1 października 2012 dr Witold Waszczykowski Sobieski w mediach 6 min

Witold Waszczykowski, Law and Justice (PiS) MP and vice chairman of the Foreign Affairs Committee in the Sejm, talks with WBJ about his party’s vision for Poland’s foreign policy and his assessment of the roots of the confrontation between PiS and the ruling Civic Platform (PO)

Ewa Boniecka: The Polish government’s foreign policy is often an area of heated confrontation between the ruling Civil Platform and your party, Law and Justice. How do you assess Poland’s policy towards Europe?

Witold Waszczykowski: Let me start by recalling that the break in Poland’s foreign policy began in 2007, when Civic Platform decided at the start of its election campaign that foreign policy would be a field of conflict between it and Law and Justice. Up until 2007, the majority of those in power in Poland presented similar conceptions of our foreign policy, which were expressed by various presidents [including] Aleksander Kwaśniewski and the late Lech Kaczyński.
The view was that Poland should play a proactive role in Europe, so positions were taken to allow us – in institutions such as NATO and the EU, to which we had earlier acceded – to participate in shaping policy, at least towards the east [of the European Union]. This concept of Poland playing a proactive role in European foreign policy was reinforced by our close cooperation with the United States and our role as spokesperson for the interests of the Central and Eastern Europe region. This policy was carried out by all previous prime ministers, ministers and presidents, who made efforts to increase cooperation with the Baltic states and the Visegrad Group [of the Czech Republic, Hungary, Poland and Slovakia].
When Civic Platform gained power, they decided that this policy was too ambitious and that our active policy towards Eastern Europe brought us into conflict with Russia and did not benefit us in the EU.
The present government now conducts a minimalist foreign policy, which has led it to rid itself of those instruments which gave Poland influence in European institutions, and is instead satisfied with the position given to us by the strongest of its members, first of which is Germany. And on this clientelist policy, PiS is not in agreement.

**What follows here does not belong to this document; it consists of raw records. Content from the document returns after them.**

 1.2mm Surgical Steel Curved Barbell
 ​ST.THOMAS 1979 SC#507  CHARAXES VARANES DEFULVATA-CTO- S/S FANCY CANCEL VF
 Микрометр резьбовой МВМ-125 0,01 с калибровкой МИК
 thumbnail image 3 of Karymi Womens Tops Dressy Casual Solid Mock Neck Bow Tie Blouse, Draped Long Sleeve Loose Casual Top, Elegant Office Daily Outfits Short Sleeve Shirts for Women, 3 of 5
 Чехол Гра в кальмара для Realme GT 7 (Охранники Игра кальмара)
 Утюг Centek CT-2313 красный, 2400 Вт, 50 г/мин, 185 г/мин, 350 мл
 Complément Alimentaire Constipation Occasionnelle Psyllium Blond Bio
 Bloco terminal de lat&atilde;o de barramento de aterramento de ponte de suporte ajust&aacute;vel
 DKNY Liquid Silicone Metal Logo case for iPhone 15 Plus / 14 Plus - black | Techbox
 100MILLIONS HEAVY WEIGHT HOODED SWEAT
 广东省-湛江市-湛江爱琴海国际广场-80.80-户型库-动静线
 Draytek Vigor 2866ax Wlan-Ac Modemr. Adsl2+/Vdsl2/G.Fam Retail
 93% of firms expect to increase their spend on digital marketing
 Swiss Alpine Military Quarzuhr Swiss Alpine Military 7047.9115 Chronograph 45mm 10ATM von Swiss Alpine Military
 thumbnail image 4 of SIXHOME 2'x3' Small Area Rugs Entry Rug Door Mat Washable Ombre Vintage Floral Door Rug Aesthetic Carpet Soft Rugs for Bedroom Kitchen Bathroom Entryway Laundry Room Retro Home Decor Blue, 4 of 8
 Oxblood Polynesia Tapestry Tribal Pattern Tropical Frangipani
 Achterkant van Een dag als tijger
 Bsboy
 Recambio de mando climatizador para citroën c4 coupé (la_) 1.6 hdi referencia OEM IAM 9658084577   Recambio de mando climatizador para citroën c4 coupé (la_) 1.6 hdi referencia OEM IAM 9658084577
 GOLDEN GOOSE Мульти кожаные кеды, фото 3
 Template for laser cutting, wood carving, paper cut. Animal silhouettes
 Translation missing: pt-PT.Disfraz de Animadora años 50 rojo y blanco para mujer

What is PiS offering as an alternative?
We emphasize that to make Polish European policy substantial and meaningful, it is necessary to rebuild Poland’s position in our region. We must return to serious talks with the Baltic states and countries in the CEE and assure them that Poland is ready and willing to be a spokesperson for our region’s interests and aspirations in the European Union.
We are a large and politically important European region and a big economic market for the West. But this would only be truly acknowledged by other EU members if we act as a unified whole, with Poland, due to its size, geopolitical location and economic potential, acting as a link between Eastern and Western members. Such a strategy would strengthen the effectiveness of the whole of the EU, as well as cooperation between its members, and should be used as an advantage by Poland’s leaders.
PiS emphasizes that Poland should return to such an ambitious policy and lead a meaningful dialogue with countries from the Baltic and CEE regions, who have many common interests and common worries which should be taken into account in shaping EU policy.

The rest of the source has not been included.